### Required action
Transcribe exactly, and only, the lines from the one containing "Rugăciune și binecuvântare" through the end of the entries below, leaving the pictures out.

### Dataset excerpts

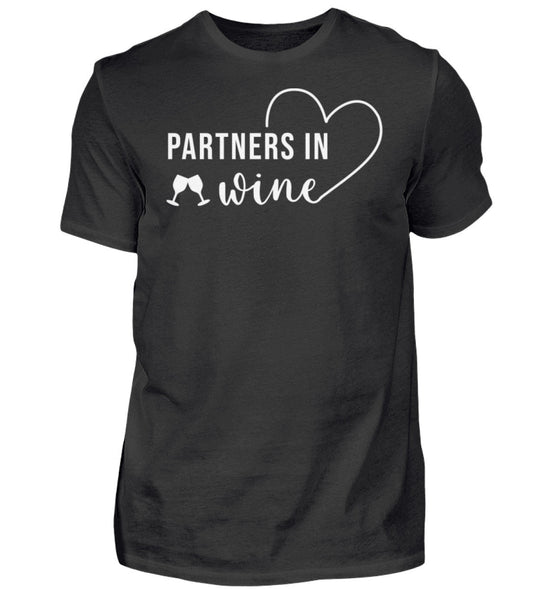 Partners in Wine Herren-T-Shirt Schwarz – großes Motiv mittig auf der Brust
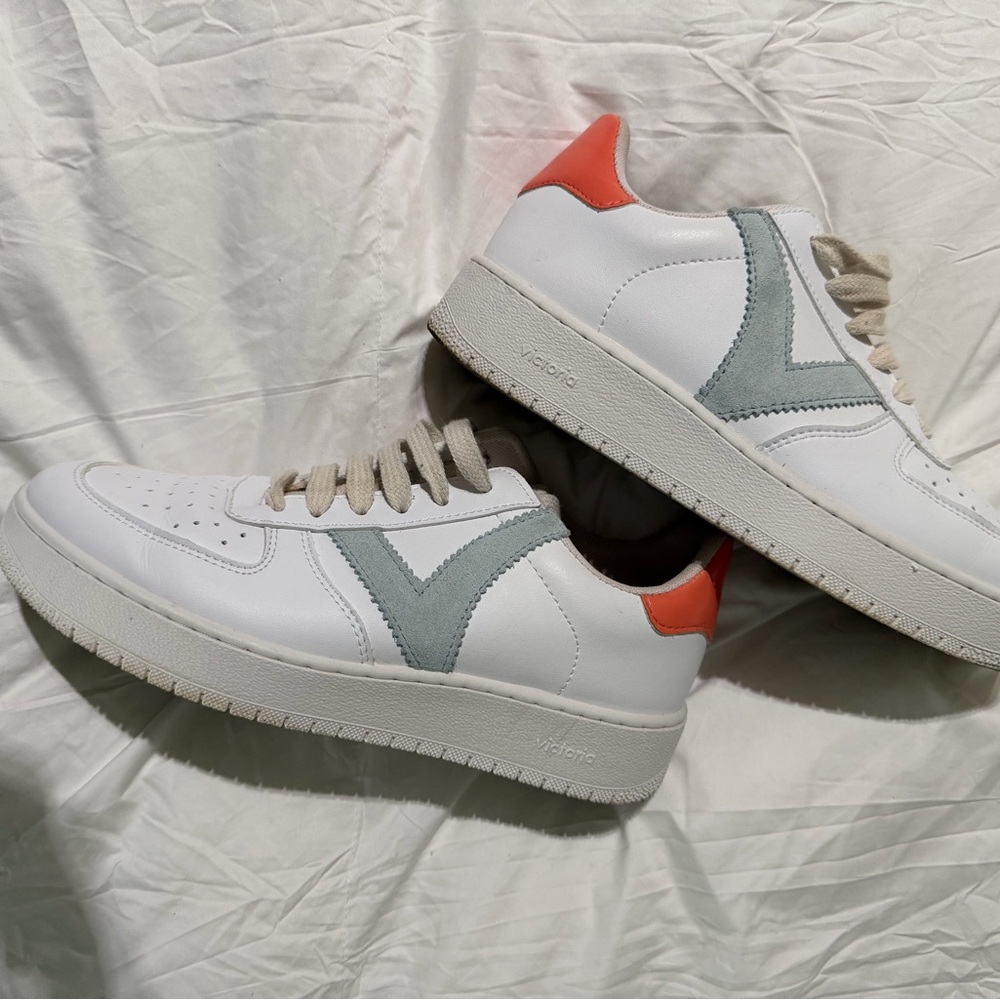 White, coral and blue women’s Victoria sneakers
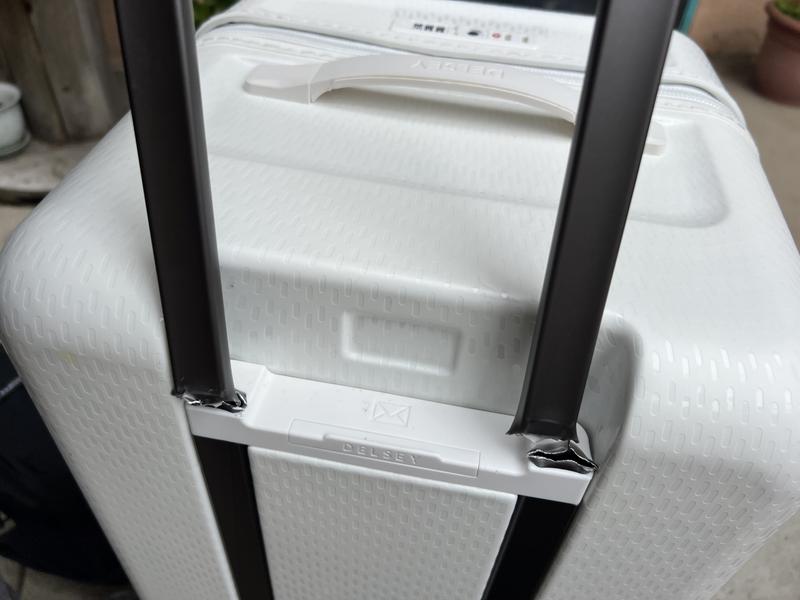 Photo from sad.suitcase.owner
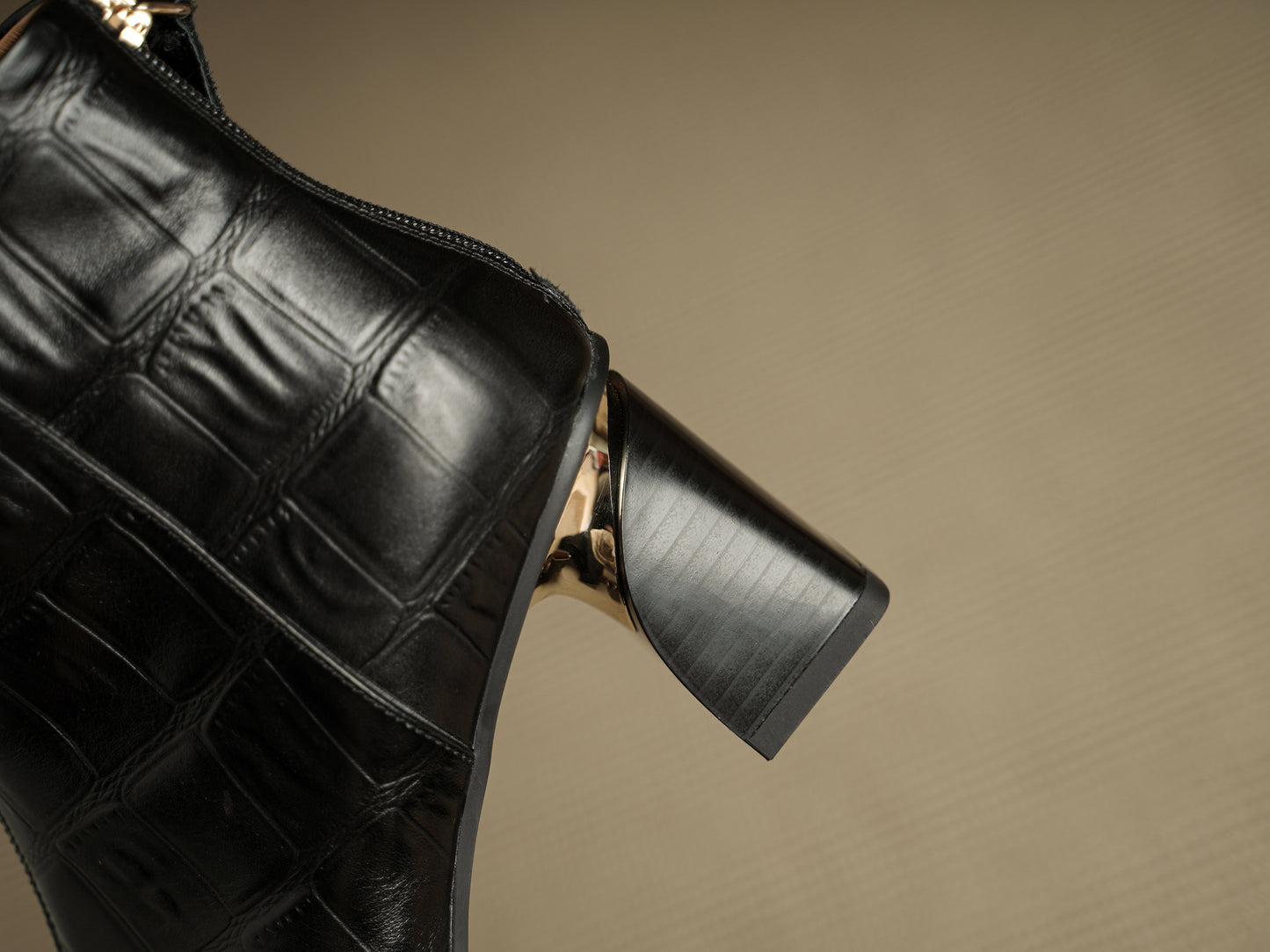 TinaCus Women's Square Toe Embossed Genuine Leather Handmade Chunky Heels Zip up Ankle Boots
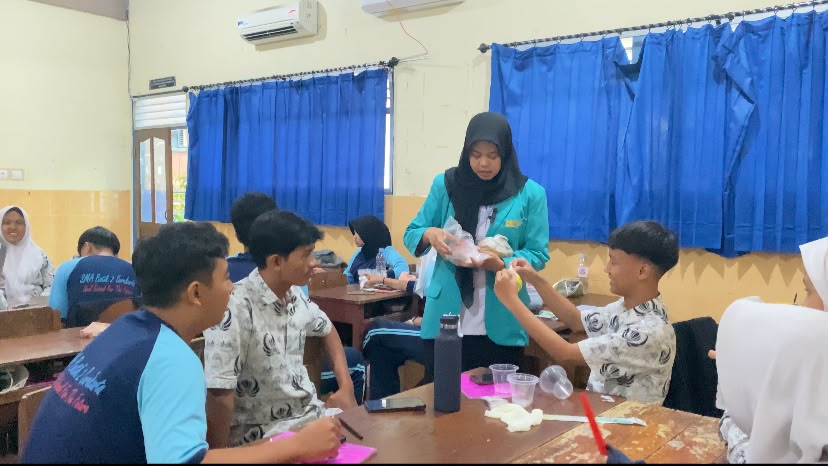 Mahasiswa PLP UMS Ajak Siswa SMA Batik 2 Surakarta Memahami Difusi dan Osmosis melalui Praktikum Sederhana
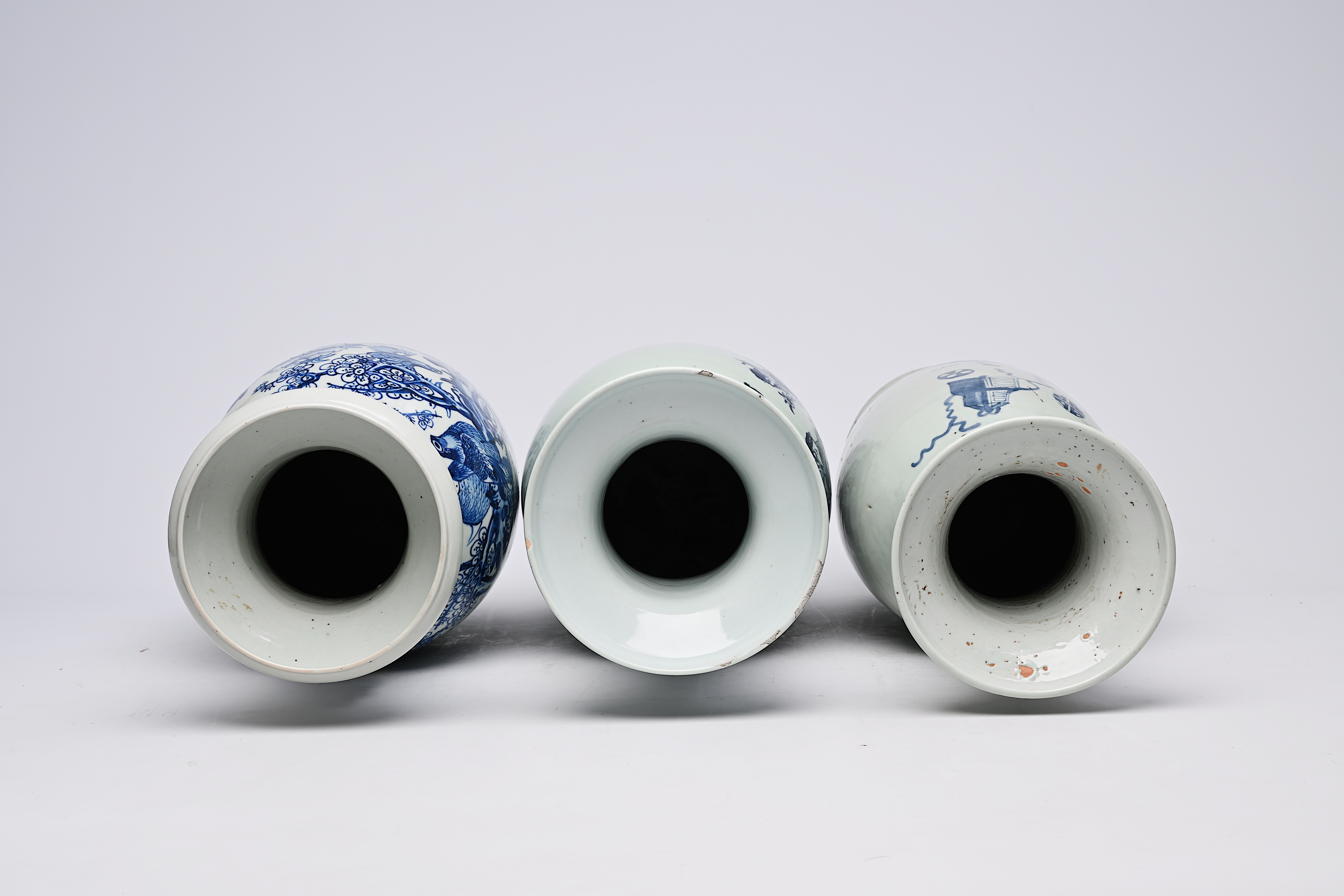 Three various Chinese blue and white celadon ground vases, 19th/20th C. - Image 10 of 16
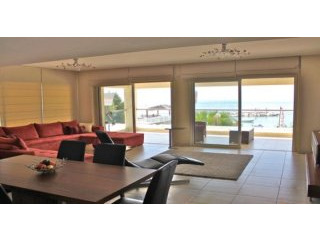 Beautiful apartment on the beach front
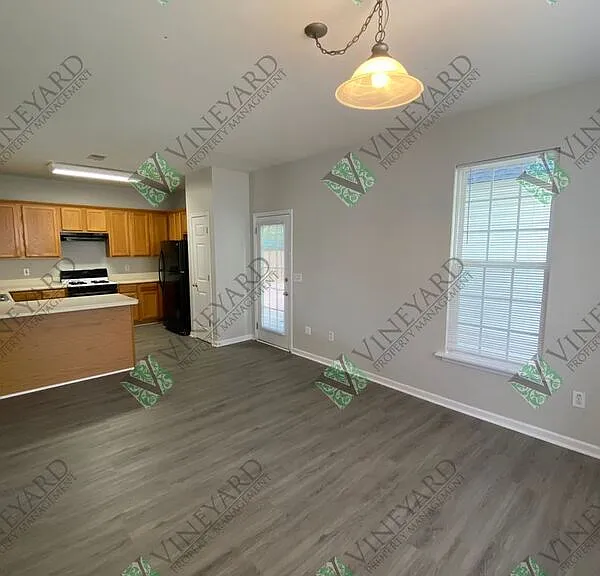 3325 Chastain Landings Ct — Photo 14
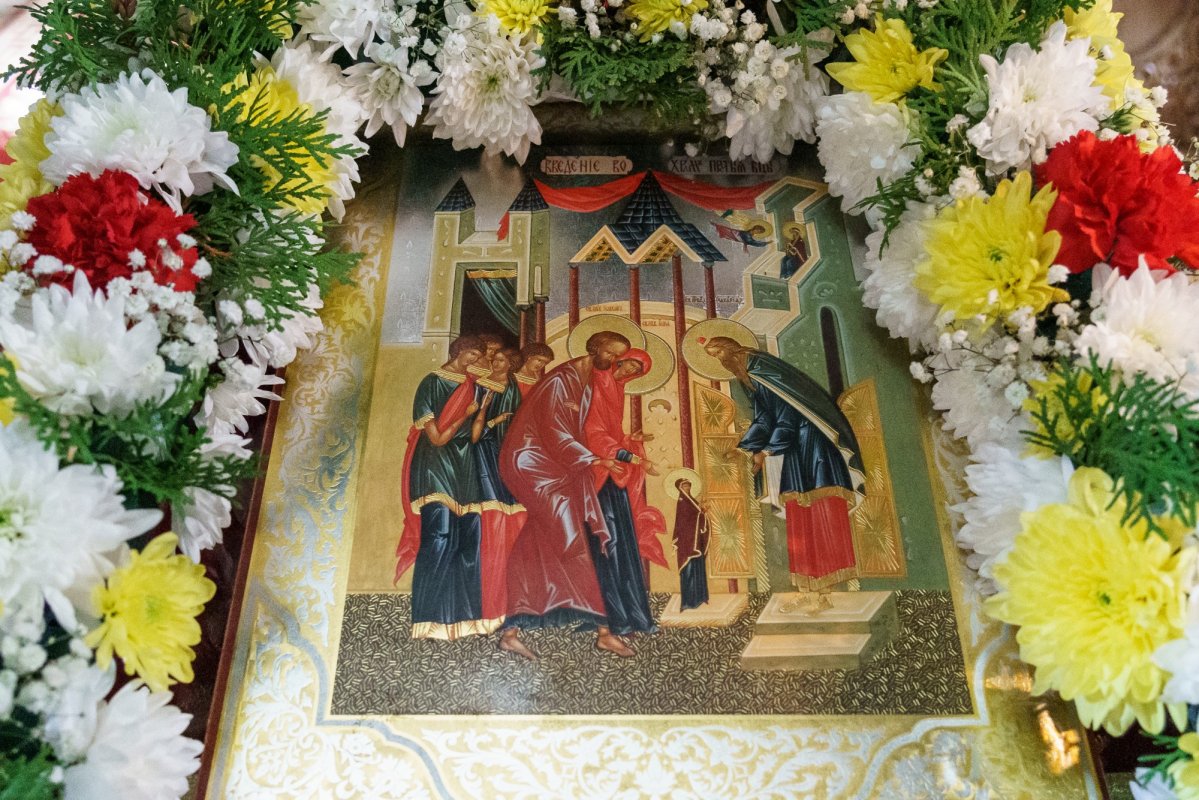 Rugăciune și binecuvântare arhierească la hramul Mănăstirii Peștera 348581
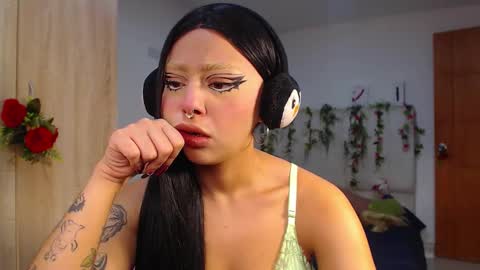 maddiie and clyde online show from December 18, 2:34 pm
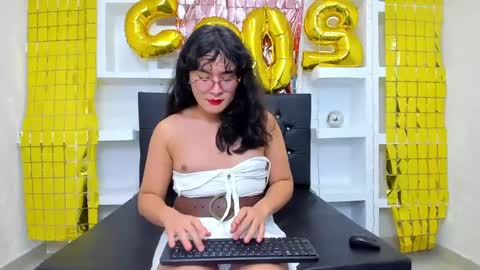 elith_berry69_ online show from 28, 1, 2025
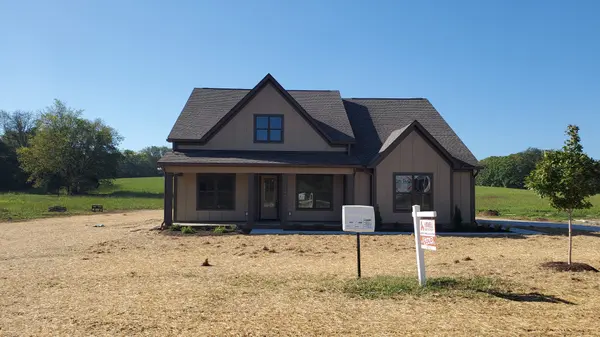 1060 Peyton Place, Columbia, TN 38401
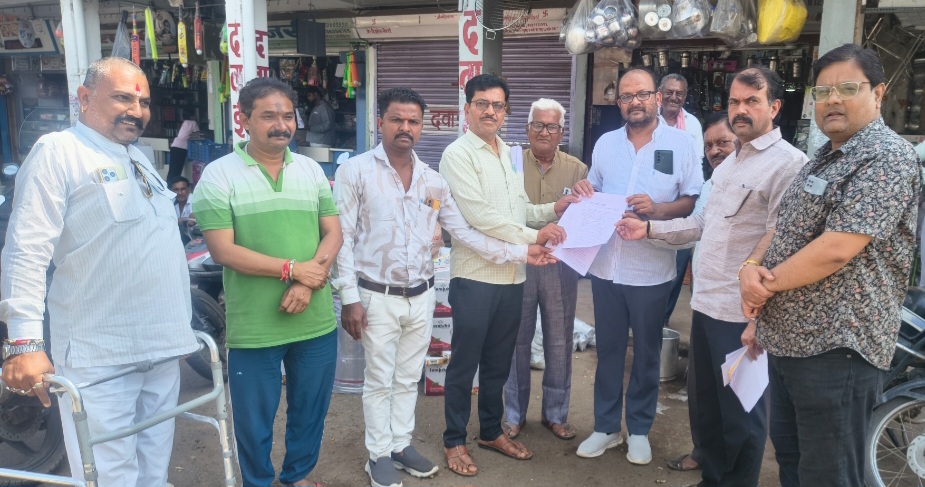 सिवनी मालवा नगर पालिका में समय सीमा में काम कराने की मांग, पार्षदों ने अध्यक्ष और सीएमओ को सौंपा ज्ञापन, नामांतरण से लेकर सफाई, कचरा संग्रहण, जलप्रदाय और निर्माण कार्यों की गुणवत्ता तक 14 मुद्दे उठाए; 10 दिन में संतोषजनक कार्रवाई नहीं होने पर घेराव और धरना-प्रदर्शन की चेतावनी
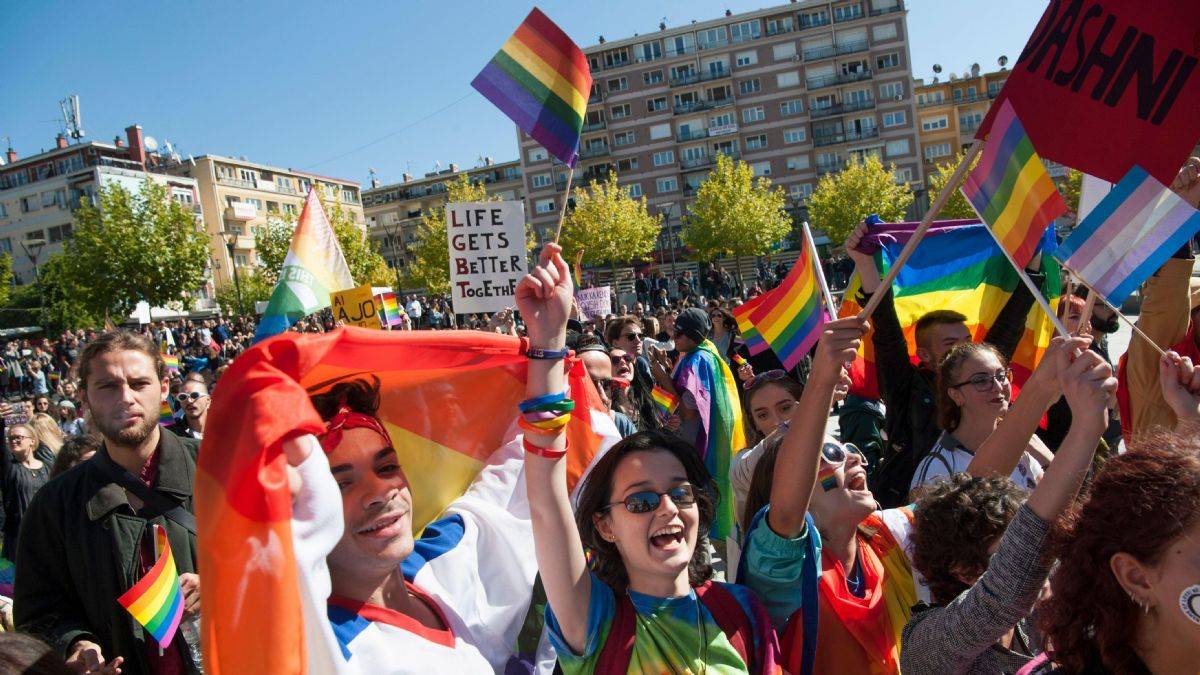 Kosova, LGBT dayatmasına teslim mi oldu? Atalay'dan iddialara cevap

### Answer to the exercise
 Rugăciune și binecuvântare arhierească la hramul Mănăstirii Peștera 348581
 maddiie and clyde online show from December 18, 2:34 pm
 elith_berry69_ online show from 28, 1, 2025
 1060 Peyton Place, Columbia, TN 38401
 सिवनी मालवा नगर पालिका में समय सीमा में काम कराने की मांग, पार्षदों ने अध्यक्ष और सीएमओ को सौंपा ज्ञापन, नामांतरण से लेकर सफाई, कचरा संग्रहण, जलप्रदाय और निर्माण कार्यों की गुणवत्ता तक 14 मुद्दे उठाए; 10 दिन में संतोषजनक कार्रवाई नहीं होने पर घेराव और धरना-प्रदर्शन की चेतावनी
 Kosova, LGBT dayatmasına teslim mi oldu? Atalay'dan iddialara cevap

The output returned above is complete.